Undergrads are a funny breed. When congregating amongst themselves there is much posturing, and they seem to be comfortable with one another, joining forces against their evil TAs and professors who all hate them. (I heard part of a phone conversation while on campus yesterday that transpired as such, “… Yeah and my TA who like totally hates me ….” I was walking the opposite way so couldn’t catch the tail ends.)

But when they need help they become the most deflated insecure creatures alive. Sitting in my office hour with the door open I can always tell when one is coming for help. There are three tell-tale signs:

1) The faint smell of urine-soaked denim.
2) I only have 2 minutes left to my hour.
3) Someone passes the door and peers in while trying to look as cool as possible with a facial expression of utter confusion. This person continues exactly four steps (every time) past the door, stops, turns around, and walks as silently as they can into the office.

I can only surmise that the “hallway shuffle” is either the latest dance move, or a feeble attempt to buy an extra 3 seconds for composure. But the second they walk in it’s all over. I know they’re coming and I’ve got my game face on.

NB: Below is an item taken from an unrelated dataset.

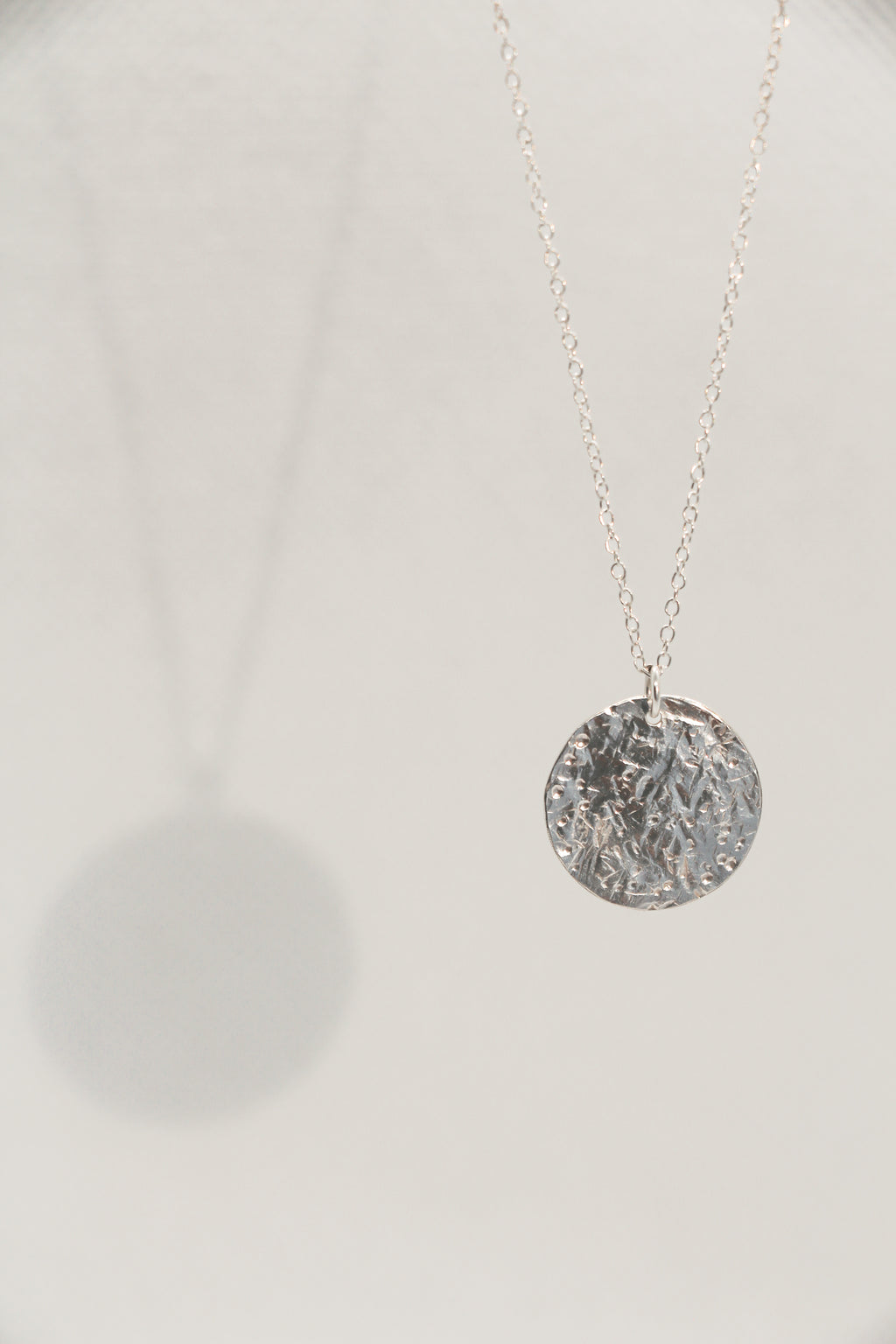 Silver necklace with a textured coin pendant on a white background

I like to break them down with the belief that their bloated egos can only hinder academic and intellectual growth. Floating around with an ego problem can give one a false sense of security. One day they will be dealt a problem that they cannot handle or don’t yet have the skills to tackle because they have not been thinking critically enough about things, and they will be crushed. And just like with chicken pox, the older you are when it happens, the worse it is. They can thank me later.